I love my readers!!!...well most of them...
See, I also get a barrage of comments, mostly from disgruntled ex-Mormons, who think I should leave the LDS church. Now, you may think you're offering novel advice. I get it, you "found the light" and "personal enlightenment" and "broke free from the shackles of organized religion" and now want to spread the word to those of us blinded by strict moral codes and theological idealism. I'm glad you found the strength to do what you felt was right for you to do. But it's not the right thing for me to do. Don't think I haven't had the same novel idea a bajillion times, in fact, I had it today. But in the end, it's not what's right for me.

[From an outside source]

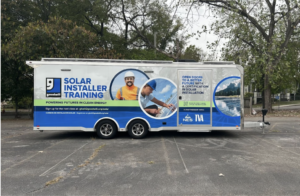 Goodwill’s mobile solar installer training lab.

A couple of weeks ago while I was out for a run I thought a lot about some of your "get the hell out of there" comments. I thought about the best way to explain why it is that I stay in a religious culture that obviously drives me insane and keeps me on the brink of suicidality most days. The best analogy I could come up with is having a kid. I don't have kids and most of the time I cringe when I think about having one. I mean, first you have to deal with pregnancy and all of it's pleasantries, which include a mucous plug and a thrashed vagina. Then once you have the baby your nipples turn into sprinklers and you spend your days alternating between vomit and poop duty. Seriously, why in the hell would anyone want to have a kid? They're messy and smelly and selfish and needy and time consuming and expensive and the list goes on and on and on and on. BUT people keep telling me that it's totally worth it. That the first smile is worth the sleepless nights and permanant stretch marks. That their children bring them unspeakable joy and happiness. There are two sides to everything.
That is how my relationship is with the LDS church. Yep, there are a lot of upleasantries that I deal with on a daily basis and they are the topic of this blog. But there is another side of the story, a side I consciously choose not to share. So save your little fingers energy and don't tell me I'd be happier if I jumped ship and set sail on the Love Boat, because it's not something I'm willing to do.
In fact, I say let's make a deal: I won't try and convert you to the way I think, and you won't try and convert me to the way you think. See how easy that is? It's what I like to call "The Plan of Laziness", no one has to do anything but let the other be however they choose to be.
If you agree to disagree, go ahead and leave me a warm little "f**k yea" and I'll send one right on back to you as a sign of how much I less than three you.